France Is Already Doing This

When I have discussed reduced fertility and possible pro-natalist policies that would help, I not only quote "things to try," and "reasons why we aren't having children," but my commenters are likely to offer their own ideas. However...

France has already implemented most of the modern pro-natalist wish list (reducing income tax rates based on the size of the household, cash payments to mothers at birth, cash allowances for families, subsidized child care, universal paid parental leave, school cost payments, and housing subsidies for families with three or more children), though many of these programs are means-tested, and the French state has been ideologically pro-natalist since the interwar period. In total, France spends about 3.6% of GDP on family programs, rising to 4.7% if you account for the indirect income tax adjustments and pensions benefits (the highest in the OECD). France does have the highest fertility in Europe… but this is largely due to the exceptionally high fertility (TFR = 2.95) of non-European immigrants, who account for 22% of total births. Rather than bringing French fertility to replacement, the French pro-natalist state overwhelmingly subsidizes large families in the massive Arab and African populations (which makes the problems of population decline worse, not better). Contrary to the Age of Malthusian Industrialism hypothesis, native French fertility (TFR = 1.62) is at the high end for Europe but by no means exceptional.

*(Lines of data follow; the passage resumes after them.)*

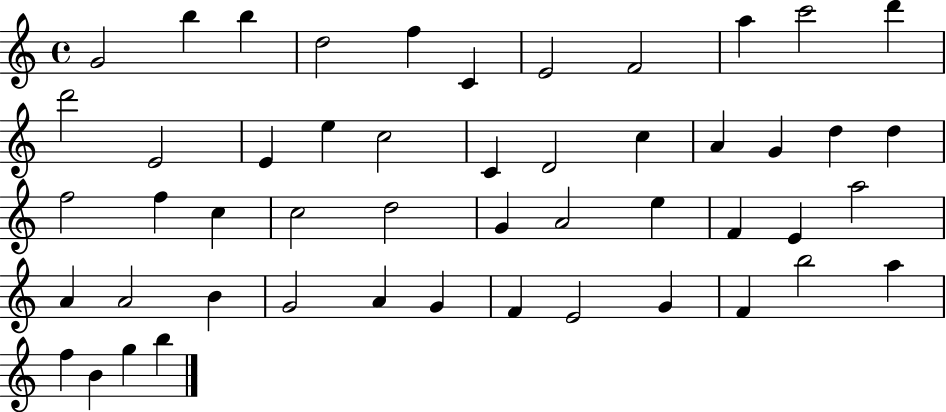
{
  \clef treble
  \time 4/4
  \defaultTimeSignature
  \key c \major
  g'2 b''4 b''4 | d''2 f''4 c'4 | e'2 f'2 | a''4 c'''2 d'''4 | \break d'''2 e'2 | e'4 e''4 c''2 | c'4 d'2 c''4 | a'4 g'4 d''4 d''4 | \break f''2 f''4 c''4 | c''2 d''2 | g'4 a'2 e''4 | f'4 e'4 a''2 | \break a'4 a'2 b'4 | g'2 a'4 g'4 | f'4 e'2 g'4 | f'4 b''2 a''4 | \break f''4 b'4 g''4 b''4 | \bar "|."
}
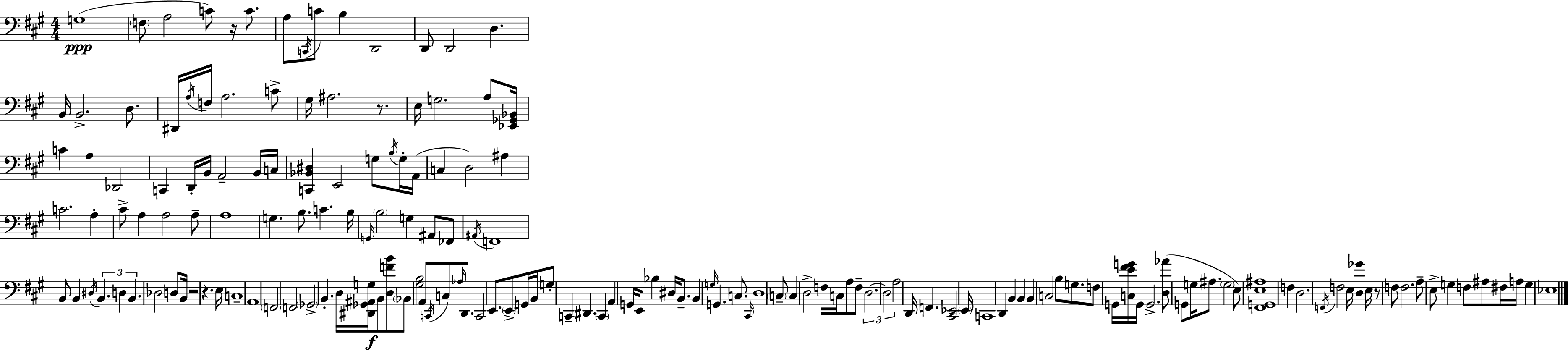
G3/w F3/e A3/h C4/e R/s C4/e. A3/e C2/s C4/e B3/q D2/h D2/e D2/h D3/q. B2/s B2/h. D3/e. D#2/s A3/s F3/s A3/h. C4/e G#3/s A#3/h. R/e. E3/s G3/h. A3/e [Eb2,Gb2,Bb2]/s C4/q A3/q Db2/h C2/q D2/s B2/s A2/h B2/s C3/s [C2,Bb2,D#3]/q E2/h G3/e B3/s G3/s A2/s C3/q D3/h A#3/q C4/h. A3/q C#4/e A3/q A3/h A3/e A3/w G3/q. B3/e. C4/q. B3/s G2/s B3/h G3/q A#2/e FES2/e A#2/s F2/w B2/e B2/q D#3/s B2/q. D3/q B2/q. Db3/h D3/e B2/s R/h R/q. E3/s C3/w A2/w F2/h F2/h Gb2/h B2/q. D3/s [D#2,Gb2,A#2,G3]/s B2/e [D3,F4,B4]/e Bb2/e [G#3,B3]/h A2/e C2/s C3/e Ab3/s D2/e. C2/h E2/e. E2/e G2/s B2/s G3/e C2/q D#2/q. C2/q A2/q G2/s E2/e Bb3/q D#3/s B2/e. B2/q G3/s G2/q. C3/e. C#2/s D3/w C3/e C3/q D3/h F3/s C3/s A3/e F3/e D3/h. D3/h A3/h D2/s F2/q. [C#2,Eb2]/h E2/s C2/w D2/q B2/q B2/q B2/q C3/h B3/e G3/e. F3/e G2/s [C3,E4,F#4,G4]/s G2/s G2/h. [D3,Ab4]/e G2/e G3/s A#3/e. G3/h E3/e [F#2,G2,E3,A#3]/w F3/q D3/h. F2/s F3/h E3/s [D3,Gb4]/q E3/s R/e F3/e F3/h. A3/e E3/e G3/q F3/e A#3/e F#3/s A3/s G3/q Eb3/w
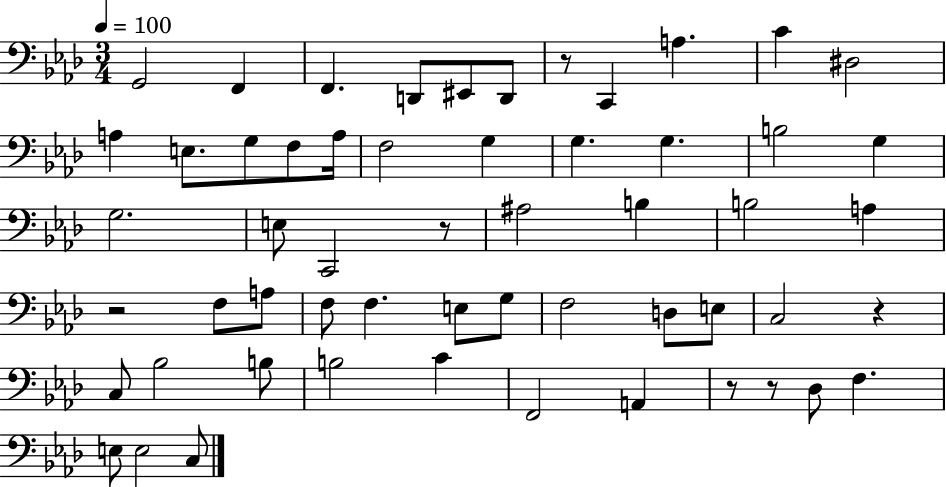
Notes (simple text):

G2/h F2/q F2/q. D2/e EIS2/e D2/e R/e C2/q A3/q. C4/q D#3/h A3/q E3/e. G3/e F3/e A3/s F3/h G3/q G3/q. G3/q. B3/h G3/q G3/h. E3/e C2/h R/e A#3/h B3/q B3/h A3/q R/h F3/e A3/e F3/e F3/q. E3/e G3/e F3/h D3/e E3/e C3/h R/q C3/e Bb3/h B3/e B3/h C4/q F2/h A2/q R/e R/e Db3/e F3/q. E3/e E3/h C3/e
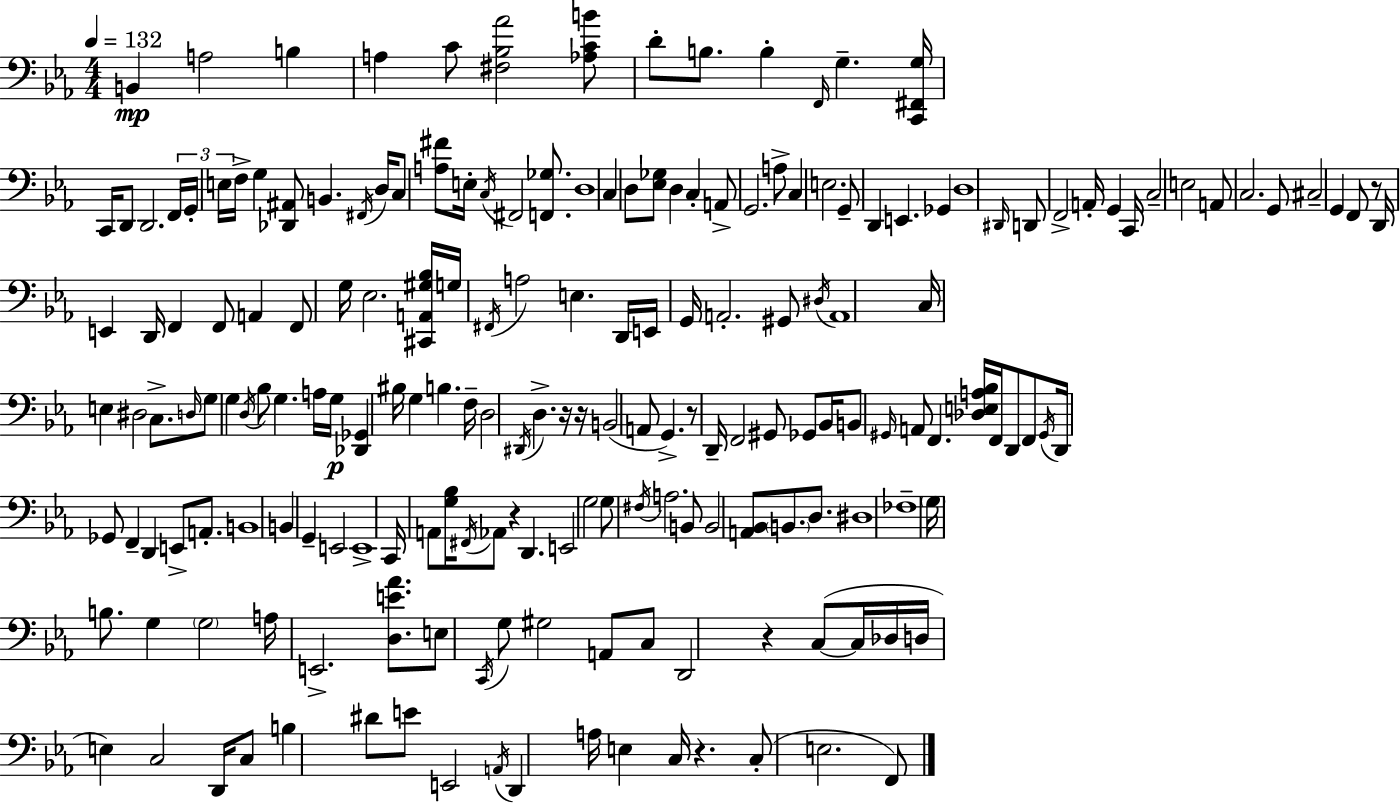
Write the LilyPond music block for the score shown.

{
  \clef bass
  \numericTimeSignature
  \time 4/4
  \key c \minor
  \tempo 4 = 132
  b,4\mp a2 b4 | a4 c'8 <fis bes aes'>2 <aes c' b'>8 | d'8-. b8. b4-. \grace { f,16 } g4.-- | <c, fis, g>16 c,16 d,8 d,2. | \break \tuplet 3/2 { f,16 g,16-. e16 } f16-> g4 <des, ais,>8 b,4. | \acciaccatura { fis,16 } d16 c8 <a fis'>8 e16-. \acciaccatura { c16 } fis,2 | <f, ges>8. d1 | c4 d8 <ees ges>8 d4 c4-. | \break a,8-> g,2. | a8-> c4 e2. | g,8-- d,4 e,4. ges,4 | d1 | \break \grace { dis,16 } d,8 f,2-> a,16-. g,4 | c,16 c2-- e2 | a,8 c2. | g,8 cis2-- g,4 | \break f,8 r8 d,16 e,4 d,16 f,4 f,8 | a,4 f,8 g16 ees2. | <cis, a, gis bes>16 g16 \acciaccatura { fis,16 } a2 e4. | d,16 e,16 g,16 a,2.-. | \break gis,8 \acciaccatura { dis16 } a,1 | c16 e4 dis2 | c8.-> \grace { d16 } g8 g4 \acciaccatura { d16 } bes8 | g4. a16 g16\p <des, ges,>4 bis16 g4 | \break b4. f16-- d2 | \acciaccatura { dis,16 } d4.-> r16 r16 b,2( | a,8 g,4.->) r8 d,16-- f,2 | gis,8 ges,8 bes,16 b,8 \grace { gis,16 } a,8 f,4. | \break <des e a bes>16 f,16 d,8 f,8 \acciaccatura { gis,16 } d,16 ges,8 f,4-- | d,4 e,8-> a,8.-. b,1 | b,4 g,4-- | e,2 e,1-> | \break c,16 a,8 <g bes>16 \acciaccatura { fis,16 } | aes,8 r4 d,4. e,2 | g2 g8 \acciaccatura { fis16 } a2. | b,8 b,2 | \break <a, bes,>8 \parenthesize b,8. d8. dis1 | fes1-- | \parenthesize g16 b8. | g4 \parenthesize g2 a16 e,2.-> | \break <d e' aes'>8. e8 \acciaccatura { c,16 } | g8 gis2 a,8 c8 d,2 | r4 c8~(~ c16 des16 d16 e4) | c2 d,16 c8 b4 | \break dis'8 e'8 e,2 \acciaccatura { a,16 } d,4 | a16 e4 c16 r4. c8-.( | e2. f,8) \bar "|."
}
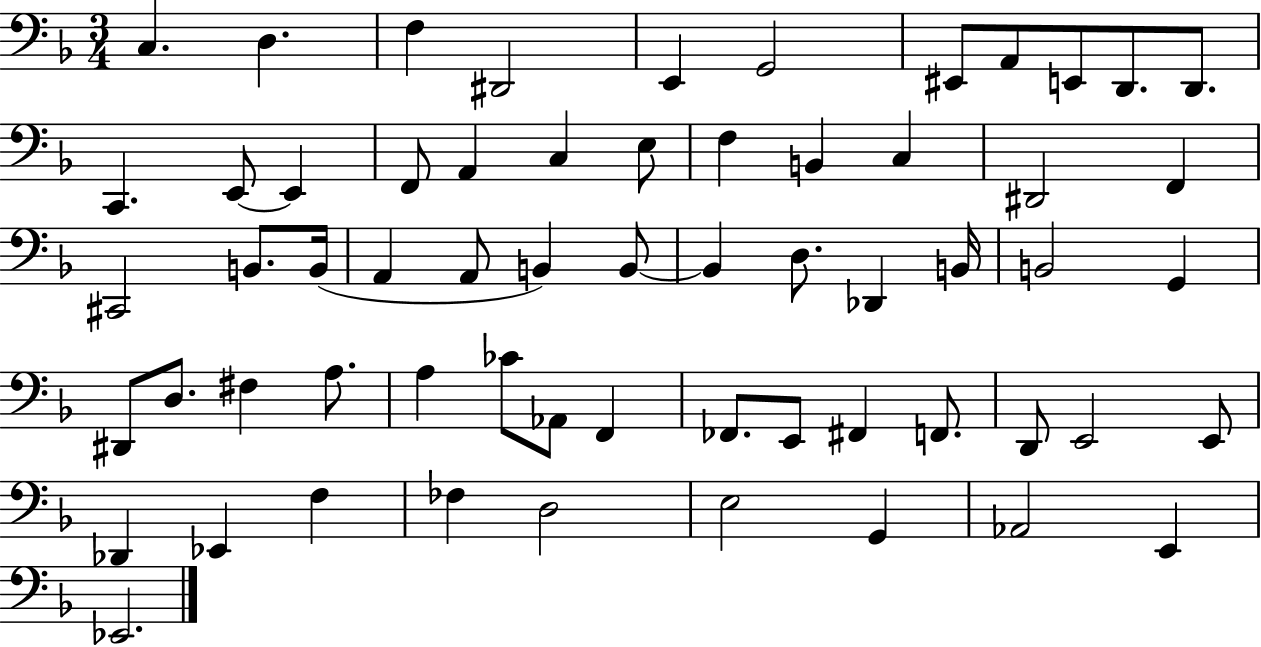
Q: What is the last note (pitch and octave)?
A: Eb2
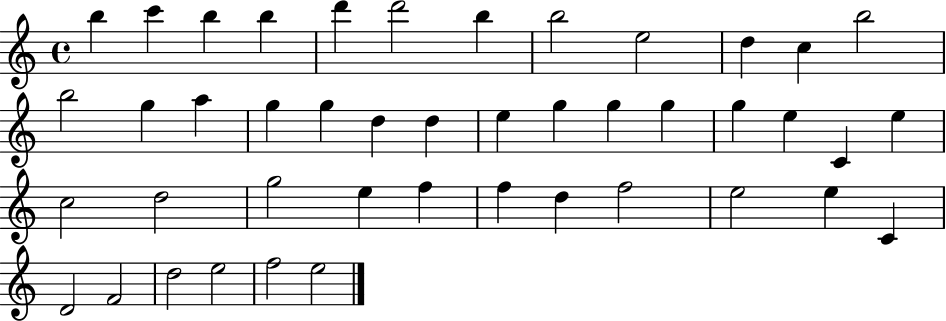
X:1
T:Untitled
M:4/4
L:1/4
K:C
b c' b b d' d'2 b b2 e2 d c b2 b2 g a g g d d e g g g g e C e c2 d2 g2 e f f d f2 e2 e C D2 F2 d2 e2 f2 e2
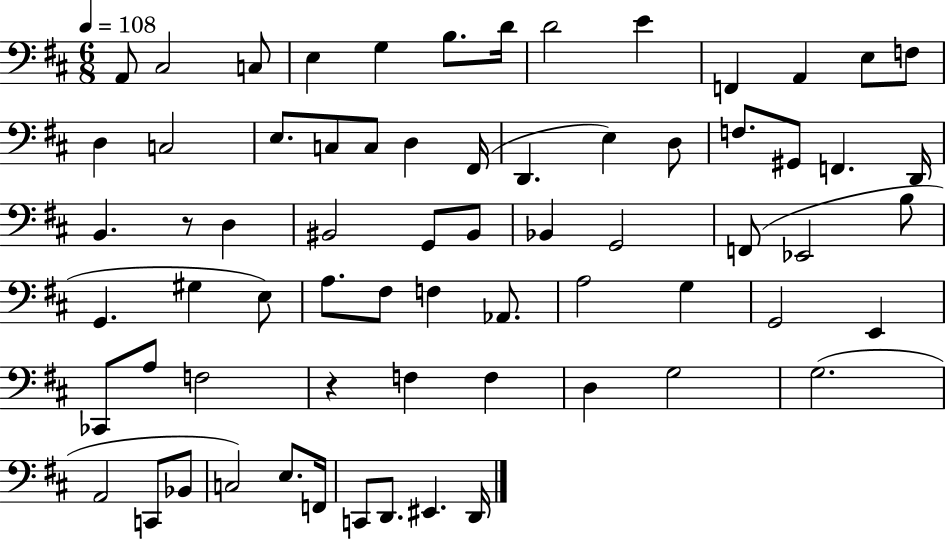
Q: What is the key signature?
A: D major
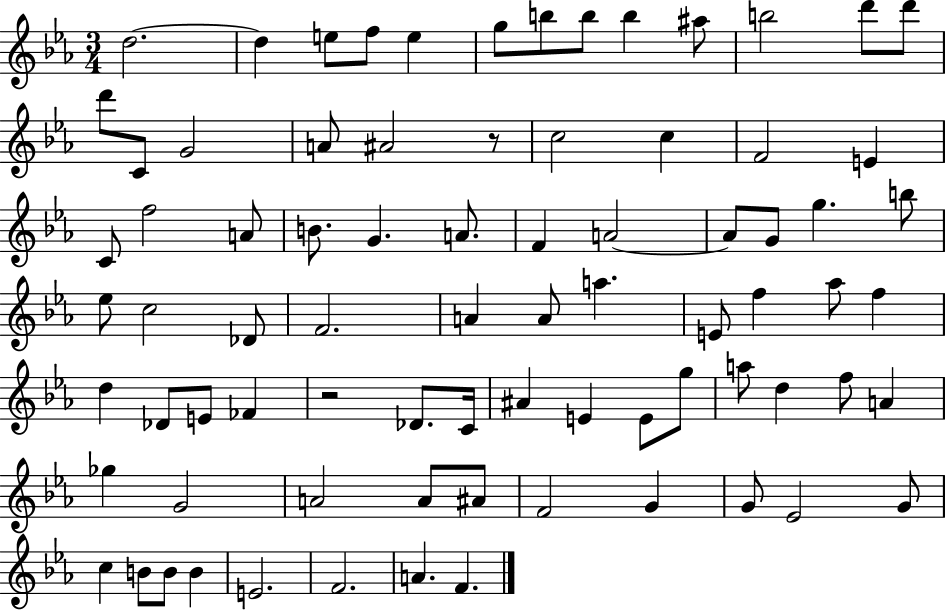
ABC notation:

X:1
T:Untitled
M:3/4
L:1/4
K:Eb
d2 d e/2 f/2 e g/2 b/2 b/2 b ^a/2 b2 d'/2 d'/2 d'/2 C/2 G2 A/2 ^A2 z/2 c2 c F2 E C/2 f2 A/2 B/2 G A/2 F A2 A/2 G/2 g b/2 _e/2 c2 _D/2 F2 A A/2 a E/2 f _a/2 f d _D/2 E/2 _F z2 _D/2 C/4 ^A E E/2 g/2 a/2 d f/2 A _g G2 A2 A/2 ^A/2 F2 G G/2 _E2 G/2 c B/2 B/2 B E2 F2 A F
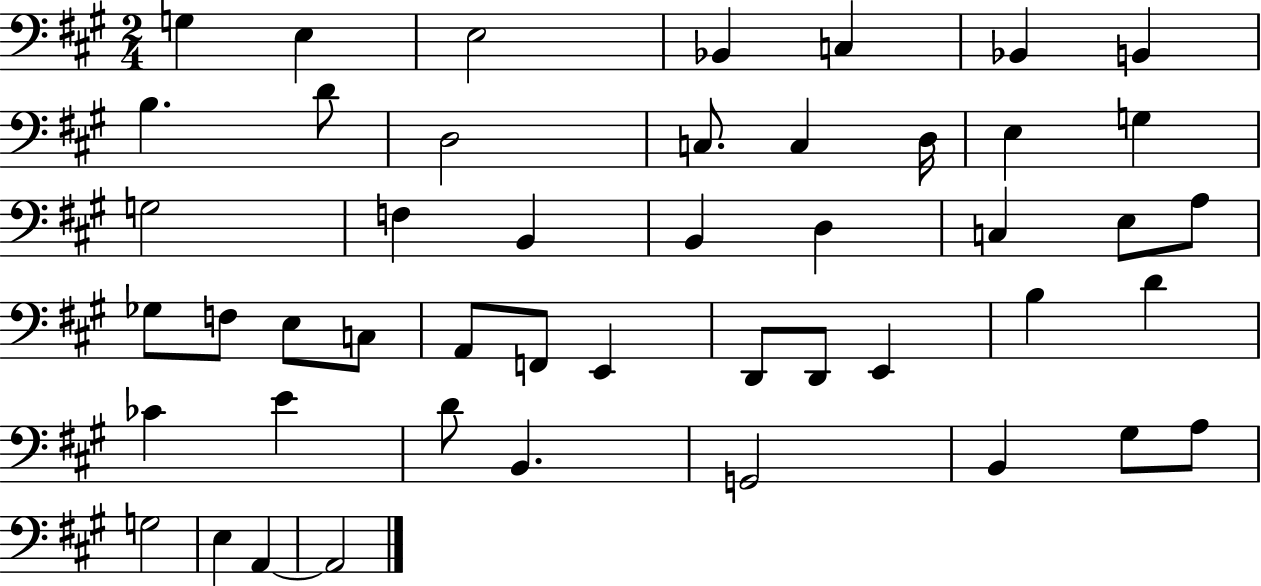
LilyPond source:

{
  \clef bass
  \numericTimeSignature
  \time 2/4
  \key a \major
  g4 e4 | e2 | bes,4 c4 | bes,4 b,4 | \break b4. d'8 | d2 | c8. c4 d16 | e4 g4 | \break g2 | f4 b,4 | b,4 d4 | c4 e8 a8 | \break ges8 f8 e8 c8 | a,8 f,8 e,4 | d,8 d,8 e,4 | b4 d'4 | \break ces'4 e'4 | d'8 b,4. | g,2 | b,4 gis8 a8 | \break g2 | e4 a,4~~ | a,2 | \bar "|."
}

(From Arcotherium at Aporia "Communist Pro-Natalism")

1 comment:

Christopher B said...

Yeah, it's not the economics of having kids. Without extraordinary interventions, the prime age for a woman to bear children in a reasonably modern society is roughly between 18 and 35. Eat up a third of those years with secondary schooling, and another third establishing a career, and most women will likely have one or at most two kids simply because of the delay. This pattern will have downstream impacts as it establishes an overall social pattern of women delaying marriage, delaying child-rearing, and having small families. I don't know that there would be any acceptable incentives that would result in a shift to earlier marriage and child-bearing, and having a larger family. Maybe the apparent shift away from stints of lengthy post-secondary education for men will inspire a similar transition for women.